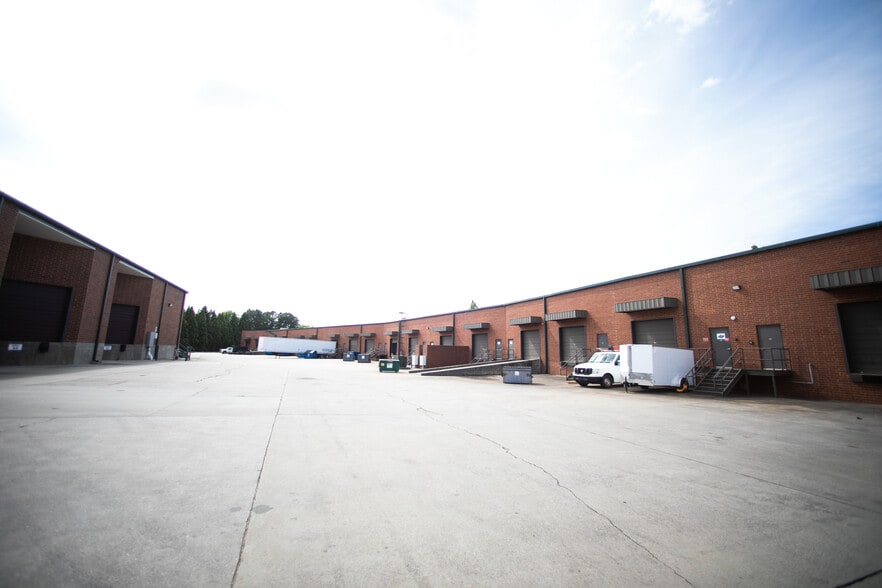 More Photos Of 5910 Shiloh Rd E, Alpharetta Light Distribution For Lease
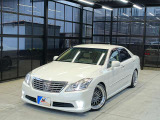 200系後期ロイヤルサルーン!新品タナベ車高調!新品AME・FTX19インチアルミホイール!新品タイヤ!LEDフォグ!LEDポジション!サイドプロテクションモール!ウィンカーミラー!ウェルカムランプ!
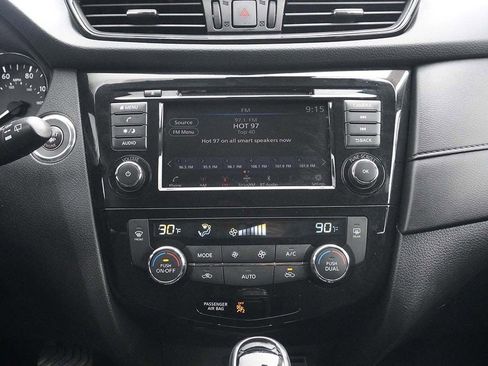 Used 2020 Nissan Rogue SV image 40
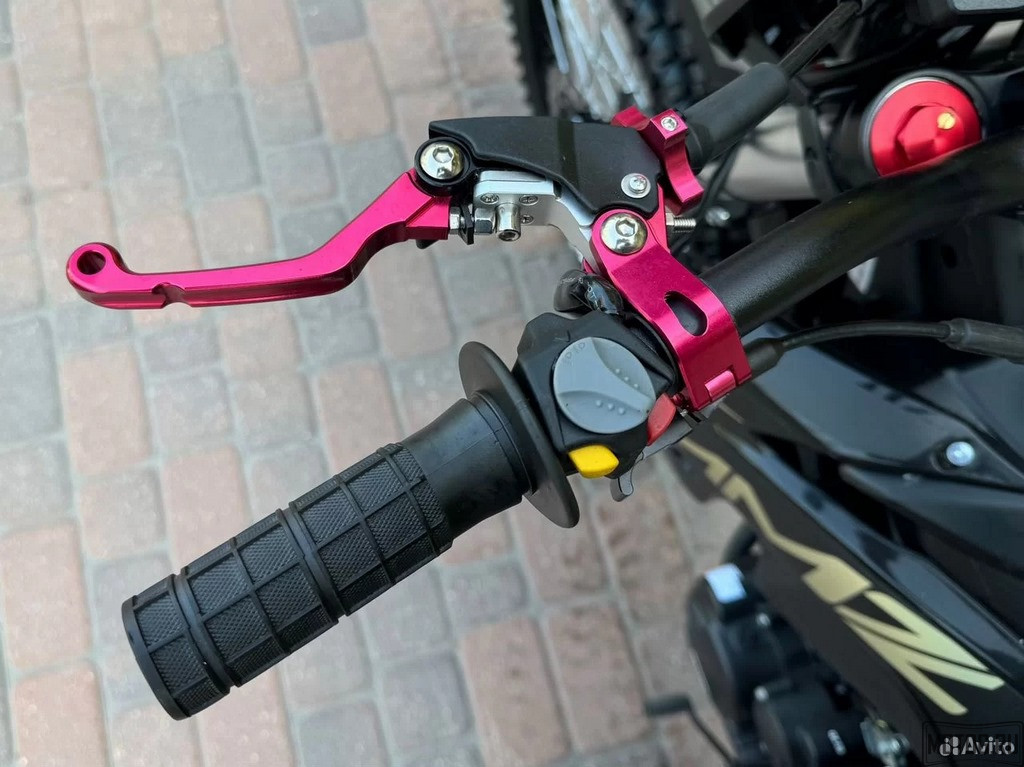 Эндуро мотоцикл MMZ S009 — надёжный кроссовый байк 300cc для бездорожья Эндуро мотоцикл MMZ S009 — надёжный кроссовый байк 300cc для бездорожья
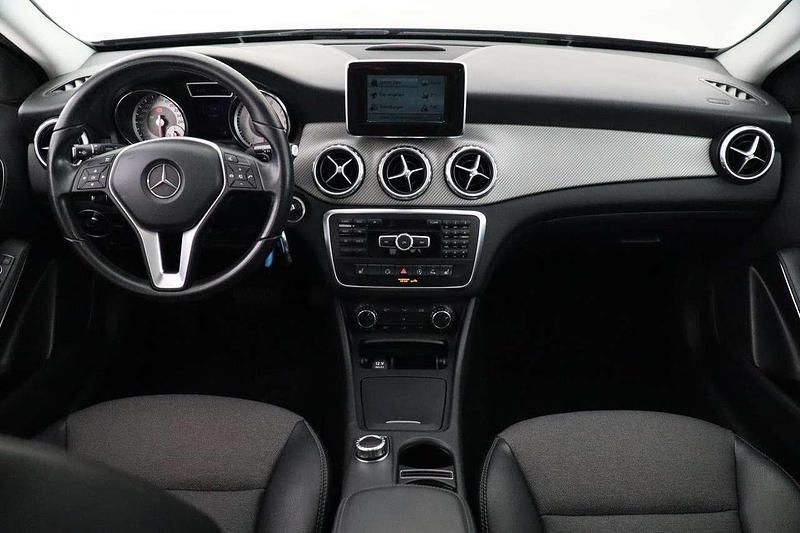 Gebraucht Mercedes GLA200 Style 156 PS (114 kW) 2015 Schwarz SUV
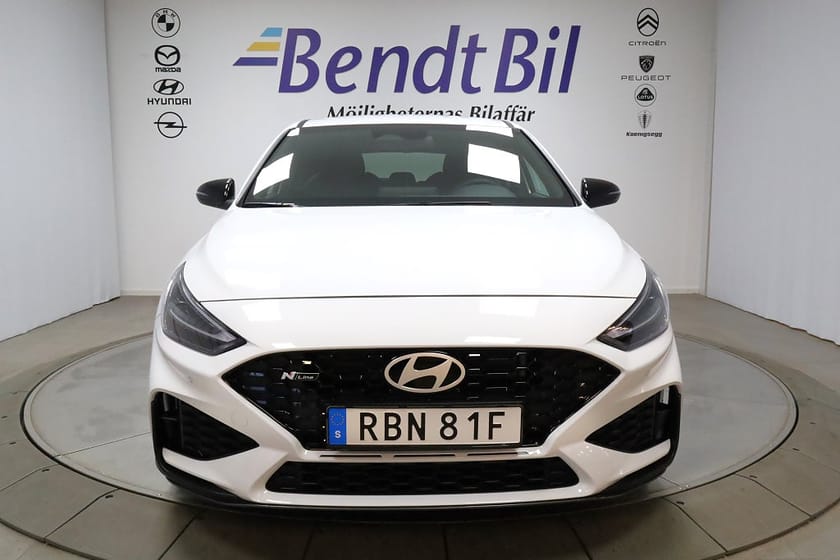 Bild 3 av Hyundai i30 Fastback N Line 1.5 T-GDi DCT | 140 hk | DEMO
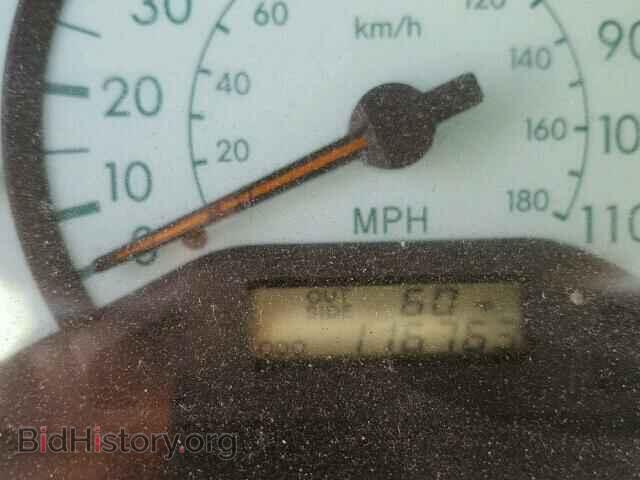 2003 TOYOTA COROLLA - VIN: JTDBR32E130028404 - Photo 8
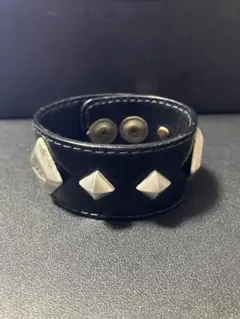 Vivienne Westwoodエナメルレザーブレスレット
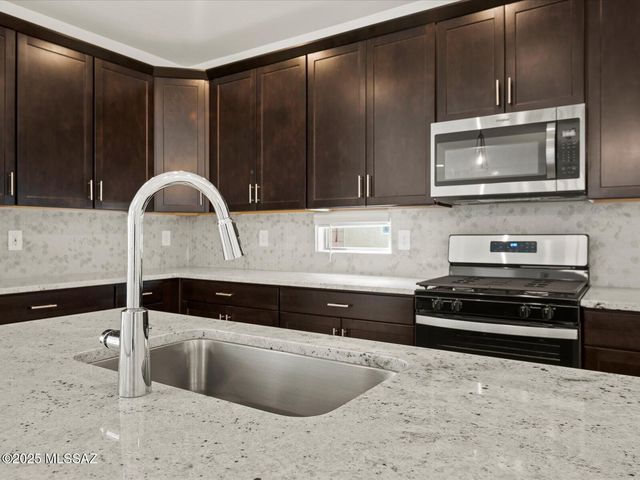 12654 E Remi Drive, Vail, AZ 85641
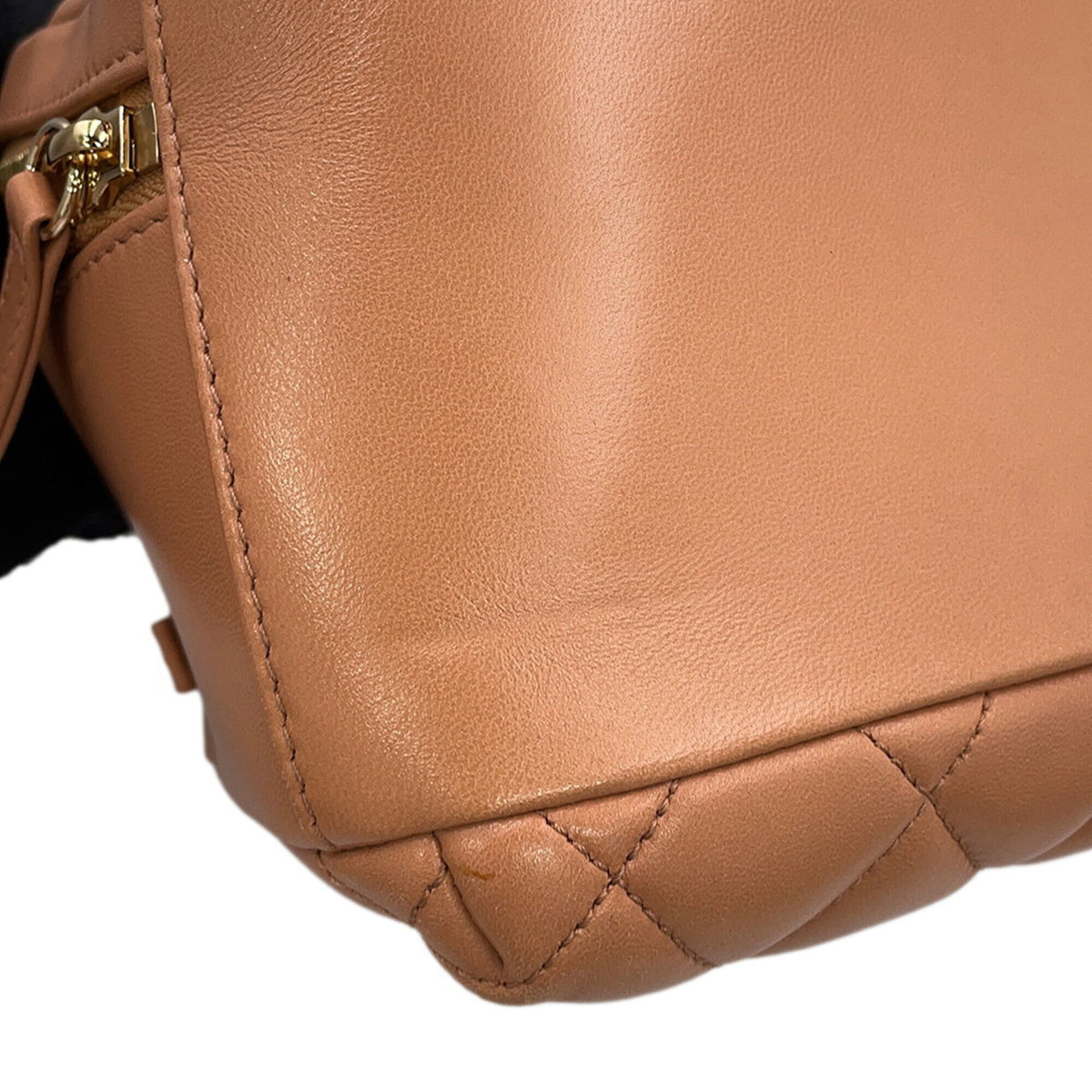 Chanel Matelasse Beige Leather Handbag (Pre-Owned)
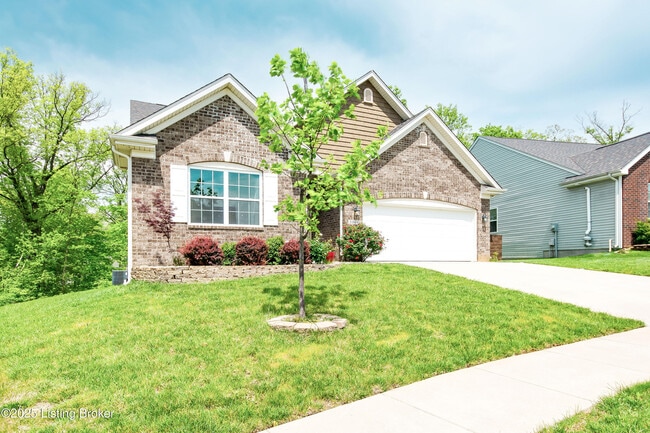 1041 Autumn Crest Ln in Louisville, KY - Building Photo - Building Photo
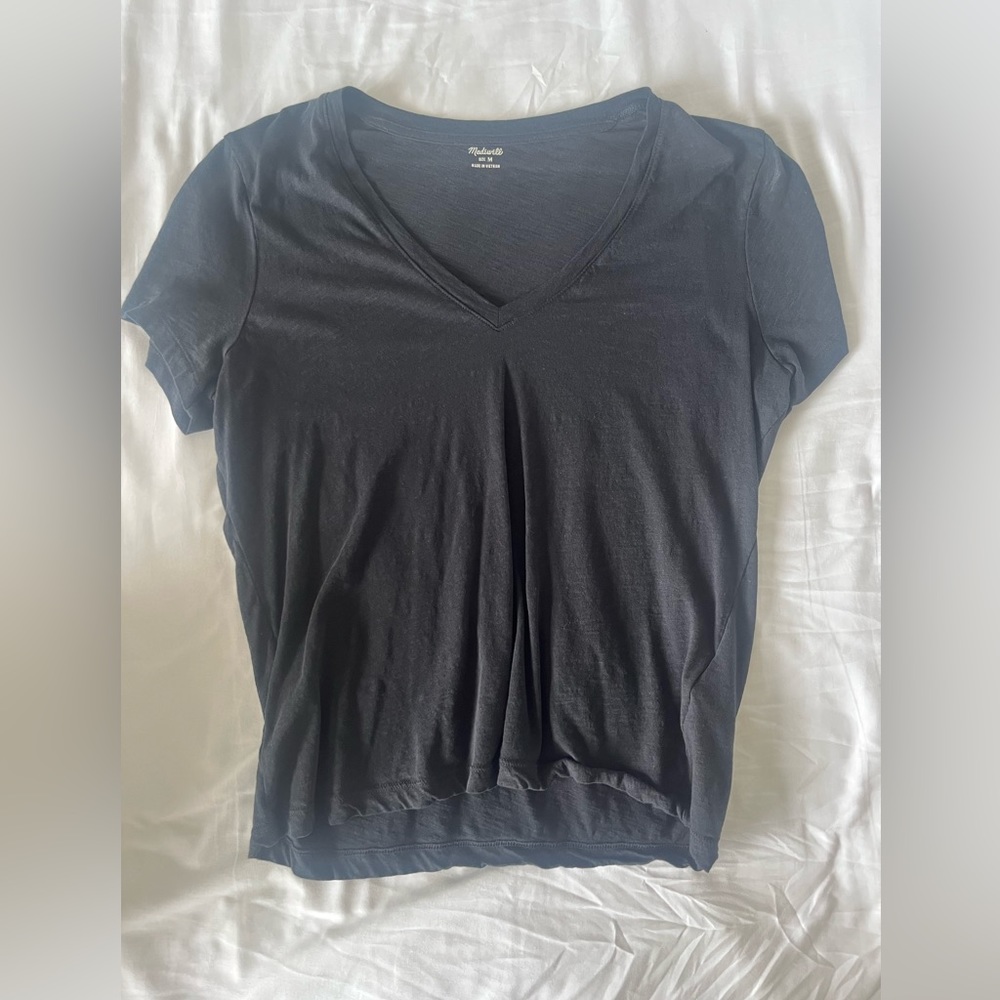 Madewell Black V-Neck Tee | size Medium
====
What is needed » Write out exactly the lines from the line that contains "для бездорожья Эндуро" through the end of the material, including both ends. No pictures belong in the copy.

Exercise response »
 Эндуро мотоцикл MMZ S009 — надёжный кроссовый байк 300cc для бездорожья Эндуро мотоцикл MMZ S009 — надёжный кроссовый байк 300cc для бездорожья
 Gebraucht Mercedes GLA200 Style 156 PS (114 kW) 2015 Schwarz SUV
 Bild 3 av Hyundai i30 Fastback N Line 1.5 T-GDi DCT | 140 hk | DEMO
 2003 TOYOTA COROLLA - VIN: JTDBR32E130028404 - Photo 8
 Vivienne Westwoodエナメルレザーブレスレット
 12654 E Remi Drive, Vail, AZ 85641
 Chanel Matelasse Beige Leather Handbag (Pre-Owned)
 1041 Autumn Crest Ln in Louisville, KY - Building Photo - Building Photo
 Madewell Black V-Neck Tee | size Medium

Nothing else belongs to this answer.